=== Section Start ===

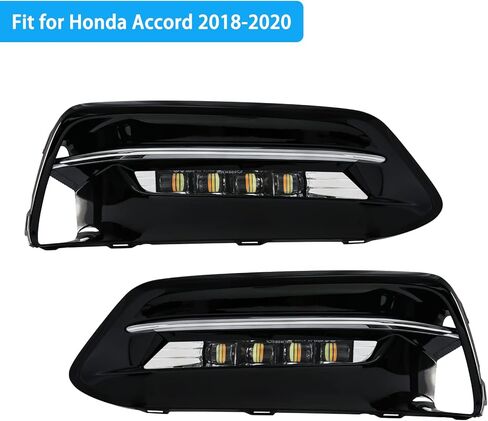 LED Fog Light For Honda Accord 2018 2019 2020 Daytime Running Lights with Amber Turn Signal Lamps For Accord Driving Light with Bezel in Saudi Arabia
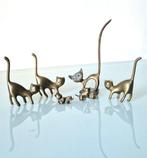 Beeldje - Ensemble de 6 chats - Verguld brons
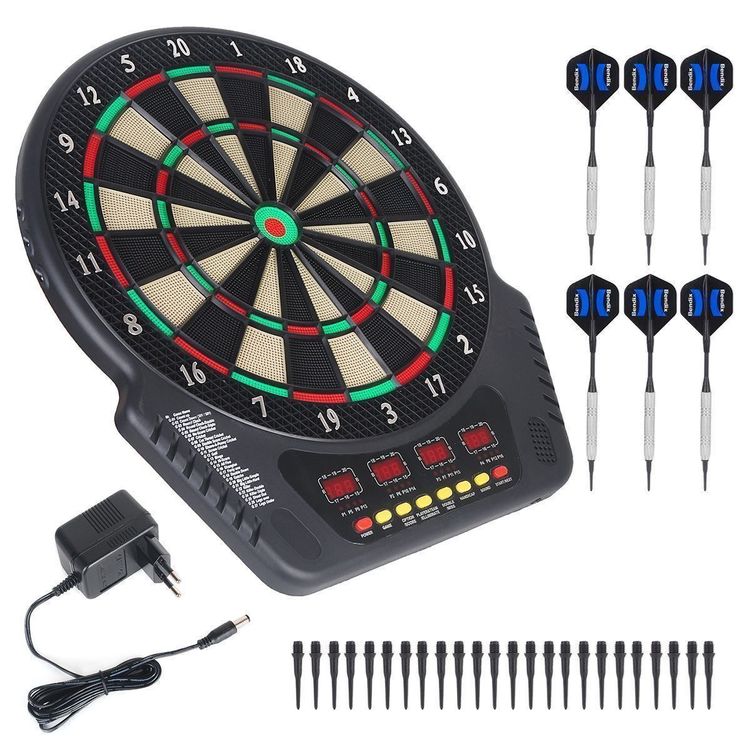 Elektronische Dartscheibe Set – 27 Spiele, 243 Varianten, Sprachansagen, 6 Darts & 24 Spitzen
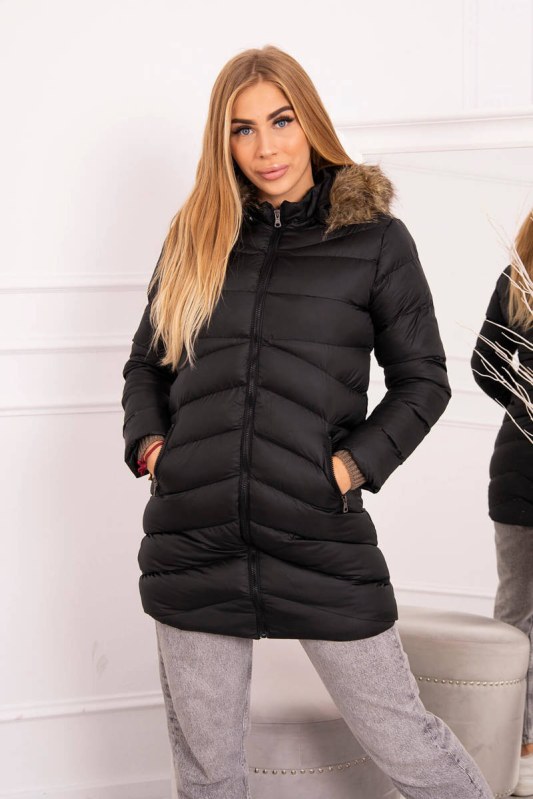 Prošívaná zimní bunda s kapucí a kožešinou černá - Dámské oblečení bundy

=== Section End ===

Print the data again word for word, pictures excluded.

EXERCISE RESPONSE:
 LED Fog Light For Honda Accord 2018 2019 2020 Daytime Running Lights with Amber Turn Signal Lamps For Accord Driving Light with Bezel in Saudi Arabia
 Beeldje - Ensemble de 6 chats - Verguld brons
 Elektronische Dartscheibe Set – 27 Spiele, 243 Varianten, Sprachansagen, 6 Darts & 24 Spitzen
 Prošívaná zimní bunda s kapucí a kožešinou černá - Dámské oblečení bundy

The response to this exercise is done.